State v. Higa

38 Wn. App. 522 (1984) 685 P.2d 1117

THE STATE OF WASHINGTON, Respondent,
v.
KATSUTOSHI HIGA, Appellant.

No. 6469-3-II.

The Court of Appeals of Washington, Division Two.

August 14, 1984.

Douglas Kaukl, for appellant (appointed counsel for appeal).

William H. Griffies, Prosecuting Attorney, and Barbara L. Corey-Boulet, Deputy, for respondent.

PETRICH, C.J.

Defendant Katsutoshi Higa appeals his conviction for first degree possession of stolen property and attempting to elude a pursuing police vehicle. Higa's appeal presents two issues for review. First, was it an abuse of the trial court's discretion to proceed to trial without a formal evidentiary hearing to determine Higa's competency to stand trial, when the circumstances of the charged offense were bizarre and after Higa displayed aberrant and disruptive courtroom behavior? Second, did the trial court deny Higa's due process rights by refusing to interpose a not guilty by reason of insanity plea despite Higa's explicit objection to such a plea or by not at least conducting an appropriate inquiry to determine whether such a plea ought to be interposed? After reviewing the holdings in State v. Johnston, 84 Wn.2d 572, 527 P.2d 1310 (1974) and State v. *524 Jones, 99 Wn.2d 735, 664 P.2d 1216 (1983), we hold that the trial court did not err and we affirm Higa's conviction.

Higa was charged with first degree possession of stolen property and attempting to elude a pursuing police vehicle after he was apprehended on March 18, 1982 while fleeing from police in a fire department aid car, stolen while firemen were responding to an aid call in Seattle. Higa told police he had stolen the aid car after he had anonymously received word that his brother was dying on the Olympic Peninsula and he needed transportation to reach him.

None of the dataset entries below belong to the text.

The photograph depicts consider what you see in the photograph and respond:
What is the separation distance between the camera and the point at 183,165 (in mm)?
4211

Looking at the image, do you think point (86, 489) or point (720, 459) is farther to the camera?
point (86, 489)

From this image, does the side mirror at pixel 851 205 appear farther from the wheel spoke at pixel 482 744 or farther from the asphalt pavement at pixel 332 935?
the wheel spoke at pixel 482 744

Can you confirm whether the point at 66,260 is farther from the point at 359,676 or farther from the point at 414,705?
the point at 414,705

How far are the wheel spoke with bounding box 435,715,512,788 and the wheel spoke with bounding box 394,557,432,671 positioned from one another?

On March 19, 1982, Higa appeared for arraignment, but he was very agitated and it was rescheduled. The trial court ordered an in-jail psychiatric interview of Higa. On March 22 defendant pleaded not guilty. The trial court was dissatisfied with the in-jail psychiatric report and ordered Higa committed to Western State Hospital for 15 days. On April 19 at a hearing on Higa's motion for continuance, Higa jumped over the bench, attacked the judge and was removed from the courtroom. On the first day of trial, defense counsel stated for the record that he had advised defendant of the option to plead not guilty by reason of insanity (NGI plea), but that defendant had refused to do so. The trial court questioned defendant as to his refusal to enter an NGI plea and defendant replied that he was not insane and he did not want to so plead. Trial proceeded and resulted in defendant's conviction.

Higa contends first that the bizarre circumstances of his offense coupled with his assaultive behavior in court tended to show he was incompetent to stand trial, therefore, the trial court erred in not holding a formal evidentiary hearing on that issue. The analysis in State v. Johnston, supra, shows that this contention has no merit.

[1] It is a matter within the discretion of the trial court as to whether or not it will enter upon an examination of the question of the sanity of the accused with a view to determining the right of the State to put him on trial and render judgment against him. State v. Johnston, supra; State v. Peterson, 90 Wash. 479, 482, 156 P. 542 (1916).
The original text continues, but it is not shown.